Anasazi [5] is an eigensolver framework in the Trilinos project [14] . This framework implements block extension of multiple eigensolver algorithms such as Block Krylov-Schur [29] , Block Davidson [4] and LOBPCG [4] . This is a very flexible framework that allows users to redefine sparse matrix dense matrix multiplication and dense matrix operations. By default, Anasazi uses the matrix implementations in Trilinos that runs in distributed memory.
Intel Math Kernel Library [26] is an efficient and parallel linear algebra library with matrix operations specifically optimized for Intel platforms. It provides an efficient sparse matrix multiplication optimized for regular sparse matrices. In contrast, our sparse matrix multiplication optimizes for power-law graphs with near-random vertex connection.
SPARSE MATRIX MULTIPLICATION
Sparse matrix multiplication leads to many random memory accesses and its performance is usually limited by random memory performance of DRAM. We perform sparse matrix multiplication in semi-external memory (SEM) to scale to a sparse matrix with billions of rows and columns. This strategy enables nearly in-memory performance while achieving scalability in proportion to the ratio of non-zero entries to rows or columns in the sparse matrix.
Semi-external memory
Our definition of semi-external memory for sparse matrix multiplication keeps the sparse matrix on SSDs and the input dense matrix or some columns of the input dense matrix in memory. During the computation, we stream data in the sparse matrix from SSDs to maximize I/O throughput.

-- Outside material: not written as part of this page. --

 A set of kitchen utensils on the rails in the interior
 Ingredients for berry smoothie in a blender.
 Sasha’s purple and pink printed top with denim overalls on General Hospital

There are two options for keeping the output dense matrix. In applications such as PageRank and many other graph algorithms, dense matrices have only a few columns, so we can keep the output dense matrix in memory for many machines. If a machine has insufficient memory to keep the output dense matrix, we can stream the output dense matrix to SSDs or to the subsequent computation to reduce memory consumption and potentially I/O as well.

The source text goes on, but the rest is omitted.